- How to complete this task:
Each line from the one containing "cm Bleu HMF" to the last line of the listing below is to be duplicated exactly, and no picture is to be carried over.
========================
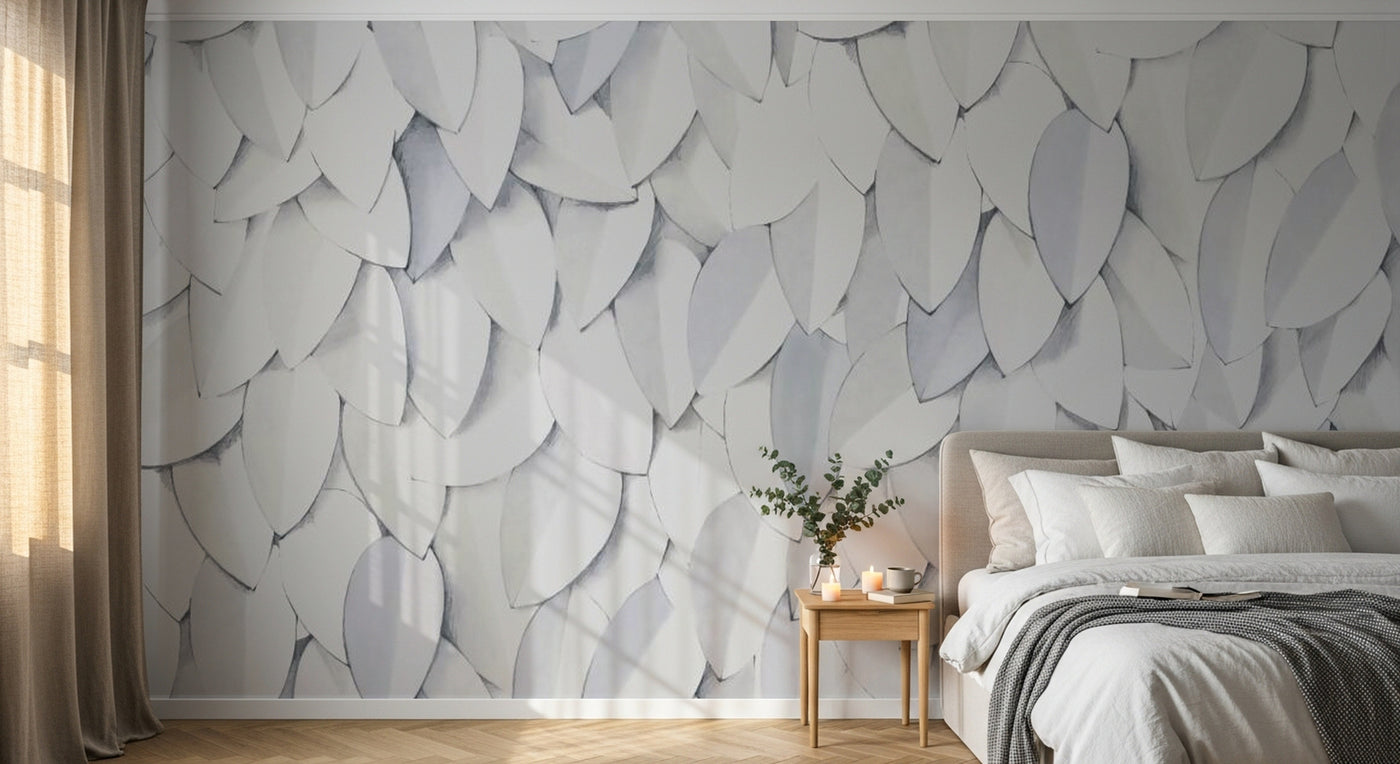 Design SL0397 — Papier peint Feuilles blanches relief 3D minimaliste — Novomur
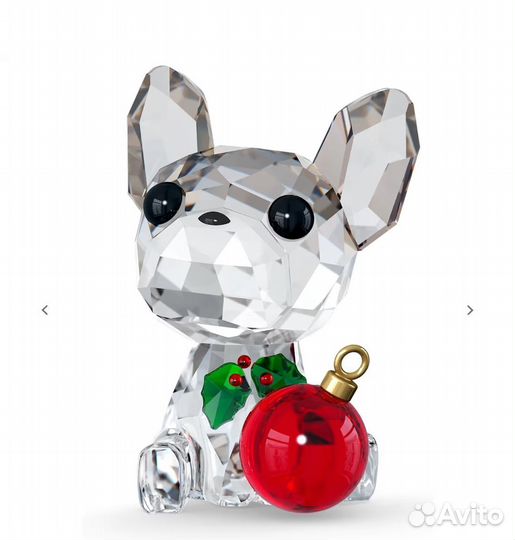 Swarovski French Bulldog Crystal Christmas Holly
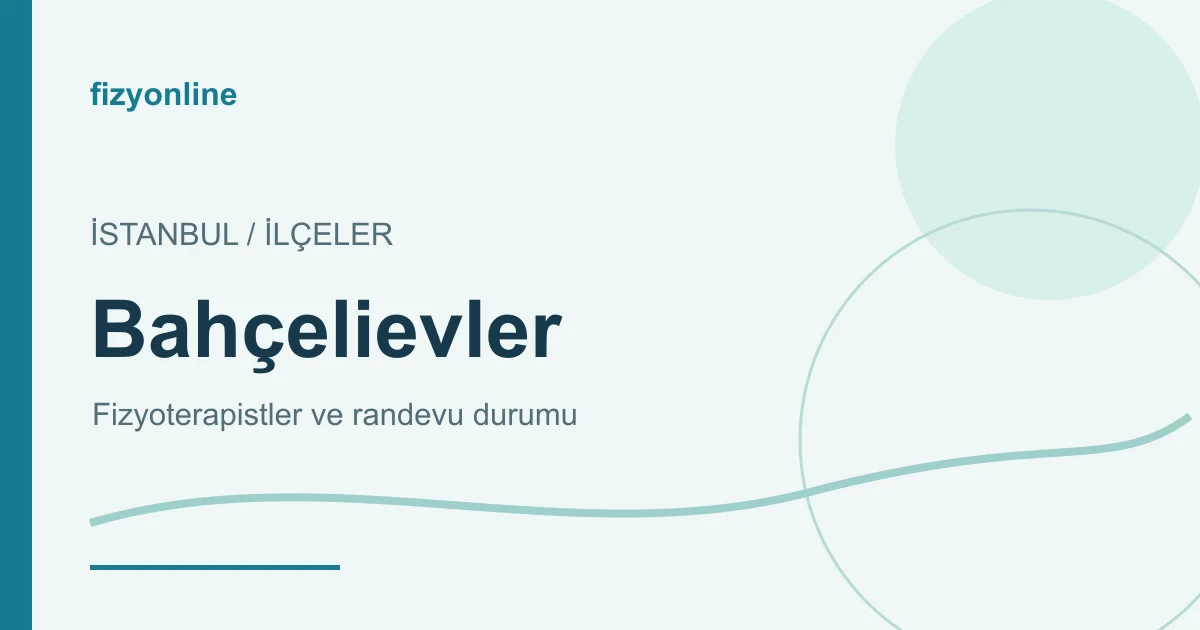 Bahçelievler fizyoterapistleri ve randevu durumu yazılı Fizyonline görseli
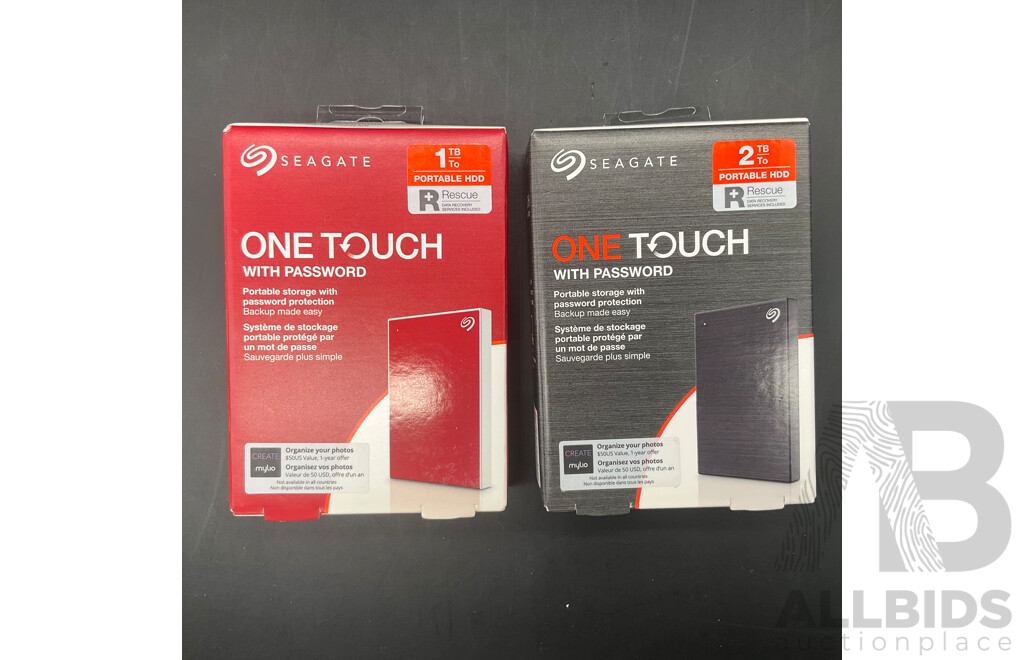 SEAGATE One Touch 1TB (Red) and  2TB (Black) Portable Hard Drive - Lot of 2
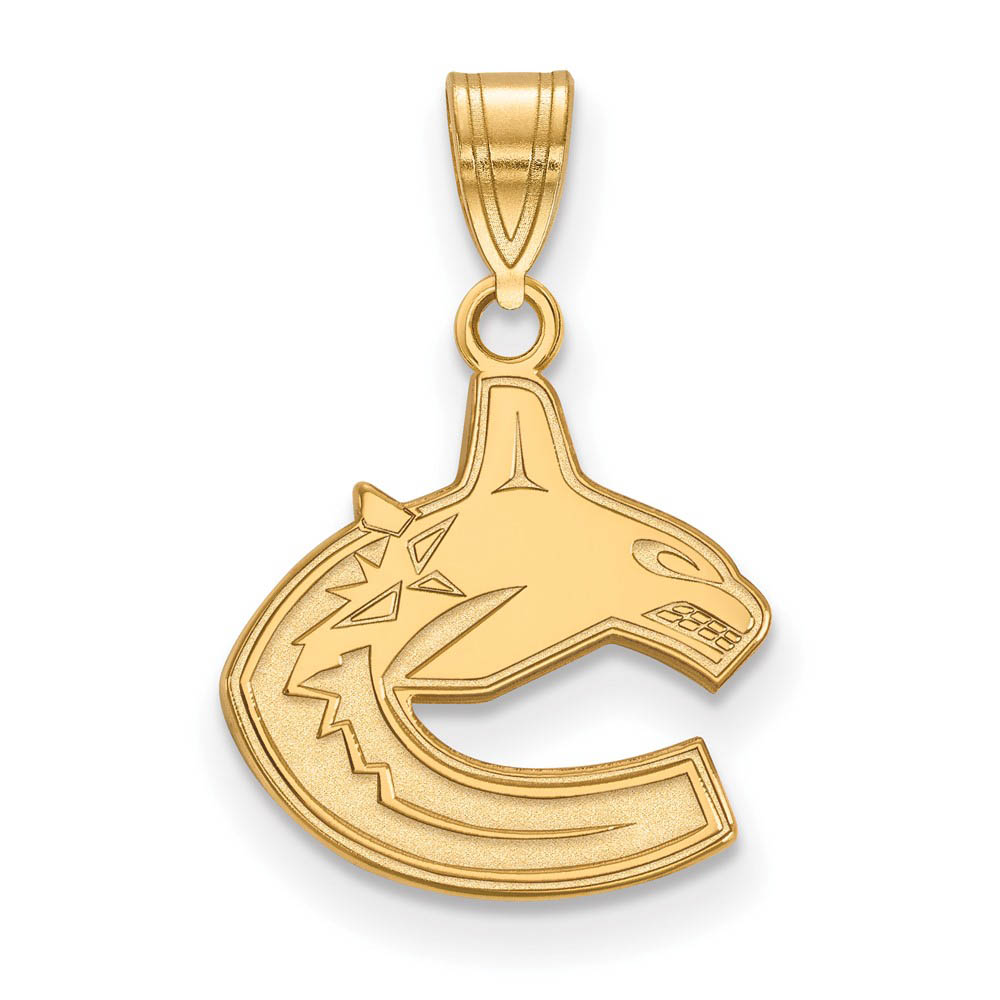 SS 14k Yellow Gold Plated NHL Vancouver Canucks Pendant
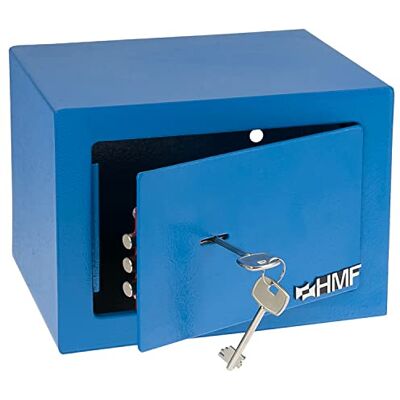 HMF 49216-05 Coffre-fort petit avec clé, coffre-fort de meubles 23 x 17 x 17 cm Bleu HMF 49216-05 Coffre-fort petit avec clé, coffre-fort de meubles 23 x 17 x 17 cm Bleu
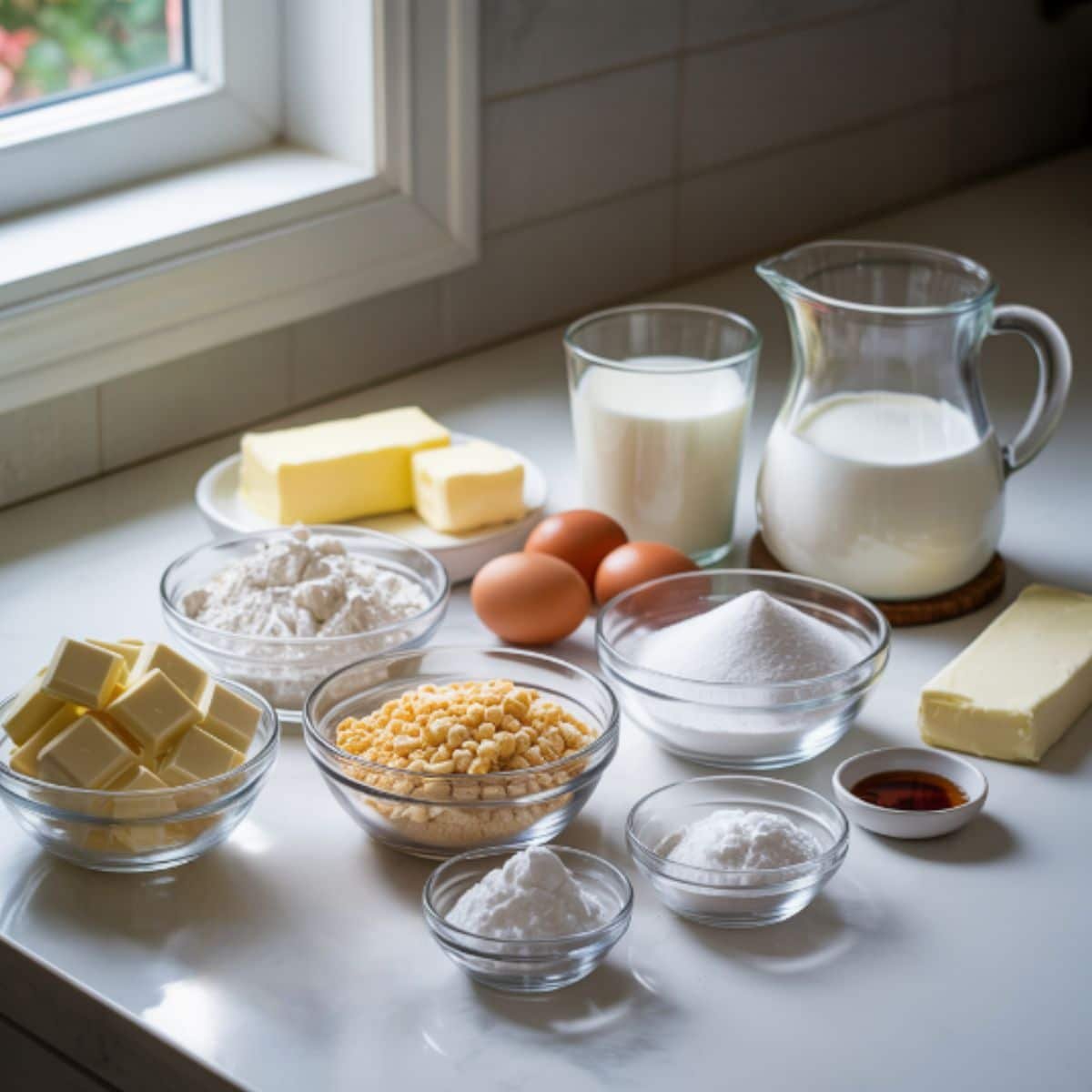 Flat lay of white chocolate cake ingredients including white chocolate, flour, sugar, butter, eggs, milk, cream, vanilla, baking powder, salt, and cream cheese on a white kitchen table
========================
- Response box:
 HMF 49216-05 Coffre-fort petit avec clé, coffre-fort de meubles 23 x 17 x 17 cm Bleu HMF 49216-05 Coffre-fort petit avec clé, coffre-fort de meubles 23 x 17 x 17 cm Bleu
 Flat lay of white chocolate cake ingredients including white chocolate, flour, sugar, butter, eggs, milk, cream, vanilla, baking powder, salt, and cream cheese on a white kitchen table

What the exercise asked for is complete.